# 5 month not happy to go for walks / not liking strange people



## Michael Reit (Mar 14, 2017)

Hi all!

We've had our little Maggie for two months, she's 5 months old now. All is well, she's growing like crazy and she's a super sweetheart. 

She's got two odd things which I'm curious as to your experiences. 

One, she doesn't always seem up for walks. In the morning she's always happy to go for a long walk, but during the day she'd rather chill inside. She'll make a rush for her crate when we ask her to go for a walk or when we come in with the leash. Now, I don't mind that she chills out, but sometimes I simply know she'll need to go for a potty walk. So, I try to lure her to the hallway and then I'll click the leash. She'll then either come with me and go for a quick pee outside and then make a dash to go back inside, or I'll need to carry her outside (we've had a number of 'accidents' in our appartment hallway which I'd rather avoid). I try to force her to go for a quick walk around the block, with mixed success. 

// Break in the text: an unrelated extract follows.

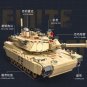 US M1A2 Main Battle Tank Building Blocks Military MOC Bricks DIY Model Toys Set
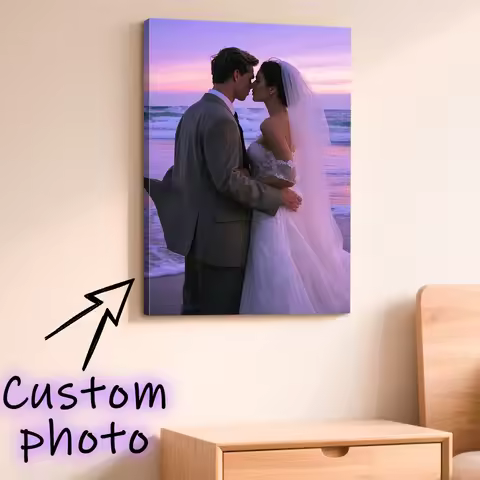 1Pc coustom Personalized canvas poster,Personalized gifts For wall decor,custom canvas wall atr,cust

Is this a phase? She hasn't had any negative experiences outside and as soon as we're in the park she'll be a happy camper, running around and playing with other dogs.

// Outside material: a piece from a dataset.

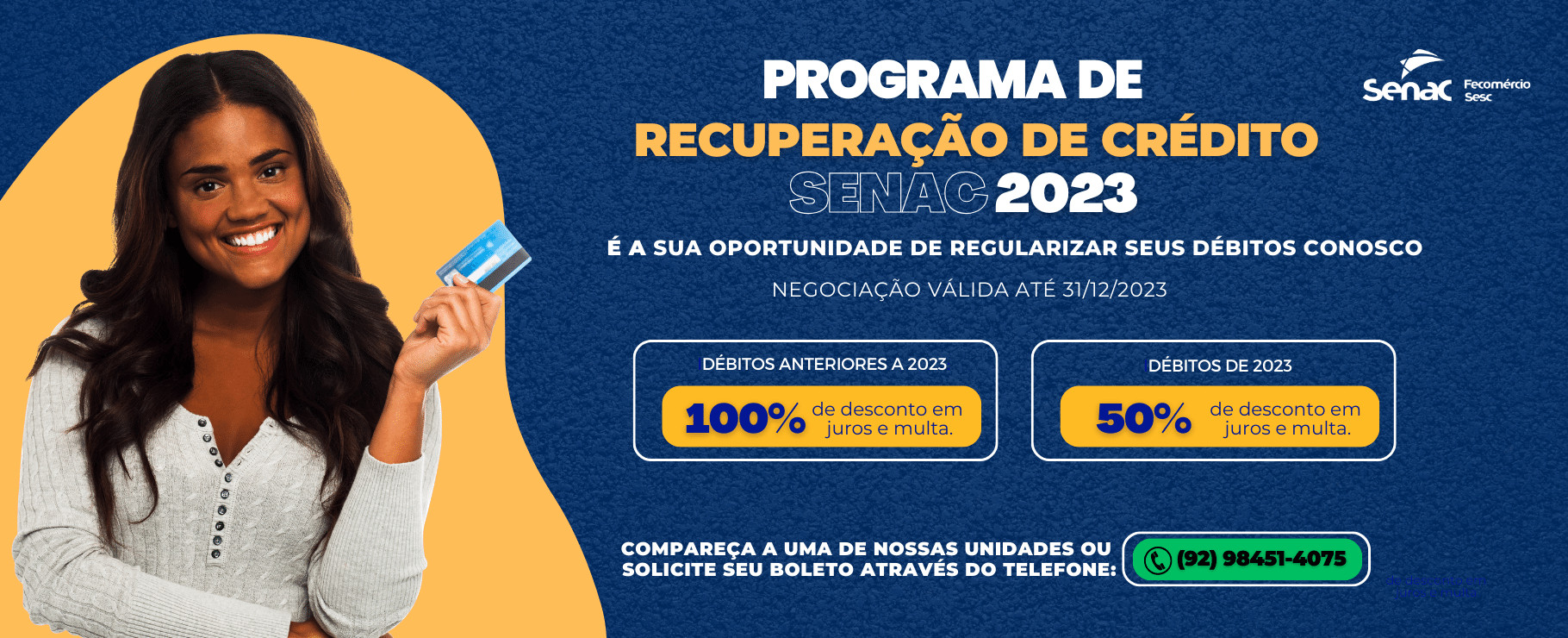 AmEmPauta: Senac Parintins ofertas mais de 350 vagas em cursos gratuitos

Second thing; meeting other people. As every V, she's a stunner to look at. People naturally want to pet her, but she won't have it. It's not that she seems scared, she won't growl, but she just backs away when people reach out to her. It's taken her quite a while to warm to friends who come around a lot. Is this normal? She has no issues with dogs, she'll play with every dog who wants to when she's off leash in our park. Funny thing is that she doesn't mind going to bars, restaurants or rides on public transport; she just doesn't like people petting her.

Thanks in advance!


----------



## Anida (Jun 10, 2016)

Our Kaylee doesn't like random people petting her either and she isn't overly fond of her head being petted unless she's completely tired and snuggled up with us. I have found she does better with introductions off leash rather than on leash. I don't have any suggestions for improving it. Kaylee does respond better if I tell her it's ok. I'm not sure why she is so wary of new people.


----------



## Momo_Mia (Feb 10, 2017)

Same thing with people over here! Momo is 10 month old male, and since we got him he's never been interested in strange people. He's friendly with aprox. 5 of our closest friends, in a way that he will come to them first and will want to be pet, but for all other common and strange people, he will just go around them and continue. Doesn't show that he is scared of them, just not interested in having anything with them. Yes. Pretty awkward, since EVERYBODY wants to pet him "'cause he's so beautiful! 
Also, dogs/cats - loves them, has a hughe interest for them. So, the same thing.
Walks - didn't had this situation, he's up for it anytime


----------



## texasred (Jan 29, 2012)

I would be tempted to put a vest on dog.
Something that reads like In Training, Do Not Pet. Or do not approach. 
That way the young dog doesn't have to worry about everyone coming up to them.


----------



## riley455 (Aug 27, 2011)

Michael Reit said:


> Hi all!
> 
> We've had our little Maggie for two months, she's 5 months old now. All is well, she's growing like crazy and she's a super sweetheart.
> 
> ...


I recommend the following:

1.	Mid day walk (depending on weather and hopefully no too hot) Bring her outside on a leash and lure her to walk with high value treats (sausage/chicken). Get her attention to focus on you by using word/s such as “here” or “watch me”, reward and treat whenever she focuses on you. You may have to tug a few times if hard at getting her attention back to you. Note that rewarding or paying should be immediate when desired behavior is exhibited otherwise she won’t associate good behavior with reward. Also you can use high pitched voice to get your dog happy and get a positive experience. May have to do this 2 to 3 times a day and perhaps 5 to 10 minutes per session. At this time no introduction to any living or non living things. Goal is to get her to walk confidently with positive experience
2.	Meeting other people – It is okay not to have a super friendly (jumping or supper wiggly) but dogs should not be backing away from people. Most dogs with this type of behavior if not addressed will develop fear of people (adults and kids) and exacerbate into other issues (barking, resource/owner guarding,etc.). Once your dog is walking confidently (see item 1 above) you may start introducing her to people you meet on your walks. Make sure you have treats handy and give them to people (adults and kids) to give to your dog. If possible have them stoop down (most dog owners understand and automatically do this) so as not to appear menacing. Bring your dog to pet friendly establishments/stores to meet more people (and more people and other pets the better). Do obedience training or advanced obedience if you’ve done the basic/beginner course. Also look into agility and hunting, these activities help build confidence and hopefully translate into stable and even tempered dogs.


----------